それでも通して聴いていると、アメリカ音楽的な部分はあくまでテイストで、本質はいつもと変わらないポール・マッカートニーだと実感できます。
 で、今回はふと思うところあって、ファイアーマン以外にポールの「少し毛色の違う作品」を続けて聴いてみました。カントリー・ハムズやスリリントン、それからクラシック作品や「Back In The U.S.S.R.」「Run Devil Run」といったあたり。どれもちゃんとした音楽で、聴いていて楽しいです(個人的には「Working Classical」が好きです)。
 こういう作品を聴くと、つくづくポールは「音楽的なルーツを持たない人なんだなあ」と思います。別にやっている音楽がニセモノだというわけではありません。どれも見事です。でもそれは逆に、ポールの本質が特定の音楽ジャンルやスタイルに依拠しているんではないということを示していると感じます。そして不思議なことにポールの場合、どの音楽をやっても、絶妙な「距離感」を感じます。ふつうミュージシャンはどんな人でも、自分の表現のルーツというか、核となる音楽性があって、それを出発点にして音楽を創造します。だから自分のルーツからはずれた音楽をやると「変わったなあ」「無理しているなあ」などと思われてしまうんですが、それがポールは、そういうルーツを想像することが難しいんです。

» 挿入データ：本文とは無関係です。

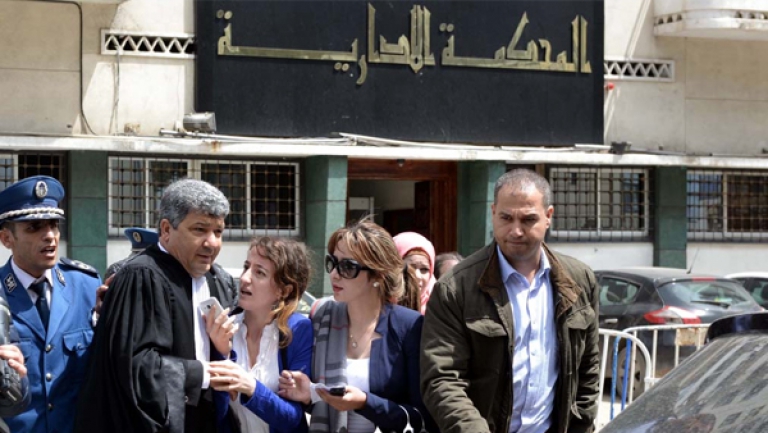 تأجيل النّظر في قضية صفقة "الخبر - سيفيتال" إلى 25 ماي الجاري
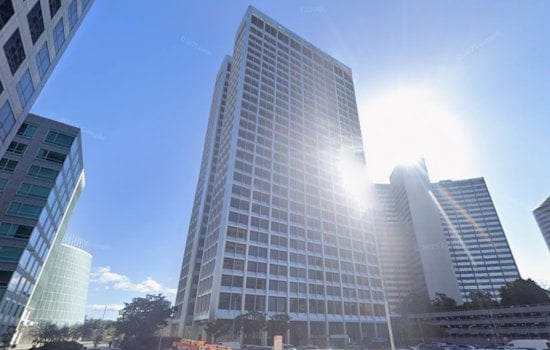 Downtown Gut Punch: Oakland Kaiser Tower Tanks 75% As Loan Default Hits
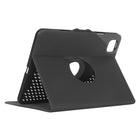 Targus VersaVu Slim Case for iPad Pro 11" (M5/M4)-Precision-cut access to controls, ports, and camera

 それはポールの「絶対ルーツ」であるはずのロックンロールでさえ感じることです。そしてそういう印象がありながら、どれを聴いてもちゃんと「ポールらしい」と思わせてしまう「何か」もあるのです。改めて考えてみたらとんでなく凄いことだと思います。誰もが持っているはずの「音楽的出身地」を持たず、なお偉大な作品を作り続けることができるなんて、この人以外にはいないのかも知れません(同じように幅広い活動レンジを持っていたフランク・ザッパは、よく聴くとそのルーツがオーソドックスなR&Bであることがわかります)。よく独特の音楽性を持ったアーチストについて「すでに○○(アーチスト名)というジャンルを形成している」という文章を見かけますが、ポールほどこの言葉に相応しい人はいないのかも知れません。
 それにしてもこのファイアーマン、66歳の大家が作ったとは思えない「若気」を感じる作品です(完成しきれていないという印象も含めて)。こういうことができるポールを、僕は心から尊敬します。